SOURCE DATA →
▬▬▬

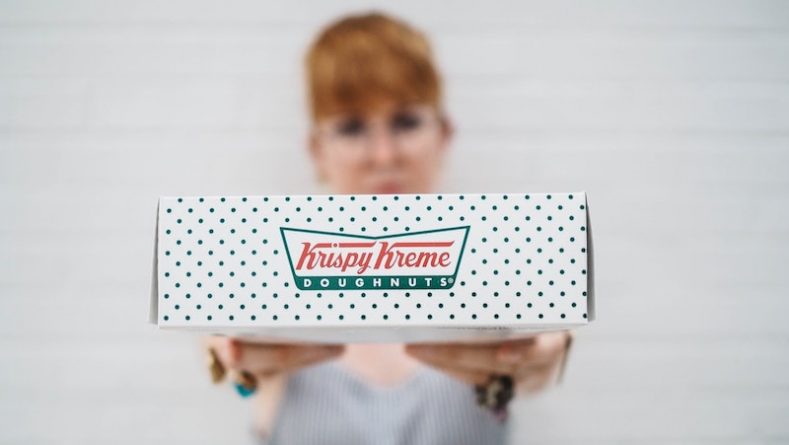 Локальные новости: Противники вакцинации обвинили Krispy Kreme в дискриминации после предложения бесплатных пончиков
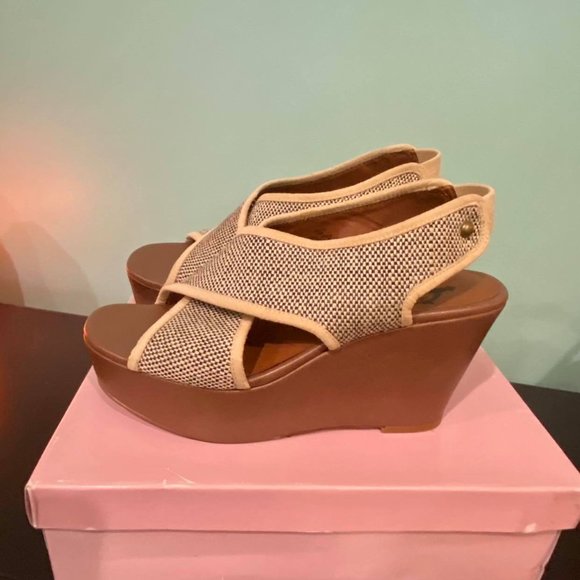 CROWN VINTAGE Beige Canvas Wedge Slip On Open Toe - Picture 4 of 9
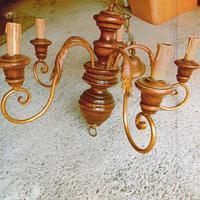 lampadario in foglia d'oro 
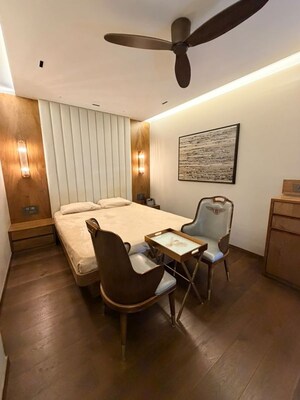 Bedroom in 5 BHK Apartment at Lokhandwala Complex – for Sale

▬▬▬

EXERCISE BRIEF →
In the copy, omit the pictures and give every line of the data exactly.

OUTPUT →
 Локальные новости: Противники вакцинации обвинили Krispy Kreme в дискриминации после предложения бесплатных пончиков
 CROWN VINTAGE Beige Canvas Wedge Slip On Open Toe - Picture 4 of 9
 lampadario in foglia d'oro 
 Bedroom in 5 BHK Apartment at Lokhandwala Complex – for Sale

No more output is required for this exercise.